During a TAMIS procedure, thin surgical instruments are placed through a soft but stable surgical platform that rests inside the anus. The platform permits full visualization of the rectal growth allowing surgeons to precisely access and excise the abnormality. The intact growth can be removed through the anus allowing pathologists to more accurately evaluate and diagnose its thickness. The defect where the growth was removed is then closed with internal stitches. There are no permanent scars on the abdomen or around the anus.

Polyps are abnormal clusters of cells that grow along the lining of the rectum and colon. While most polyps are harmless, some develop into colon and rectal cancer. Polyps are usually identified and treated during a colonoscopy, a procedure to visually examine the colon from the cecum to the rectum. Polyps may range in size from 3-10 cm and can be fully excised using the TAMIS technique.

McLemore believes that TAMIS will likely serve as the platform for rectal natural orifice translumenal endoscopic surgery (NOTES), which has not been done yet in the U.S. TAMIS may also have future implications for treating patients with familial adenomatous polyposis, Gardner's syndrome and Lynch syndrome, inherited genetic conditions that result in the mass growth of polyps.

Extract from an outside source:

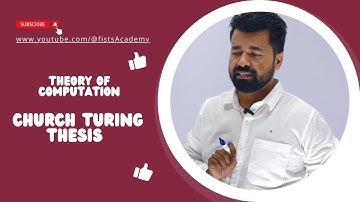 Lec 88 | Church Turing Thesis | Universal Turing Machine (UTM) | Turing Machine | @fistsAcademy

“I am hopeful that with time, we may be able to safely remove the entire colon and rectum through the anus without the need to make incisions in the abdomen,” said McLemore.

“What we are seeing here is an evolution of natural orifice translumenal endoscopic surgery, the ability to perform complex operations through natural body openings,” said Mark Talamini, MD, professor and chairman of surgery and co-director of the Center for the Future of Surgery at UC San Diego Health System.  “Four years ago we predicted that NOTES would evolve to treat early forms of cancers and that is what we are seeing now at UC San Diego. Dr. McLemore is making this a reality.”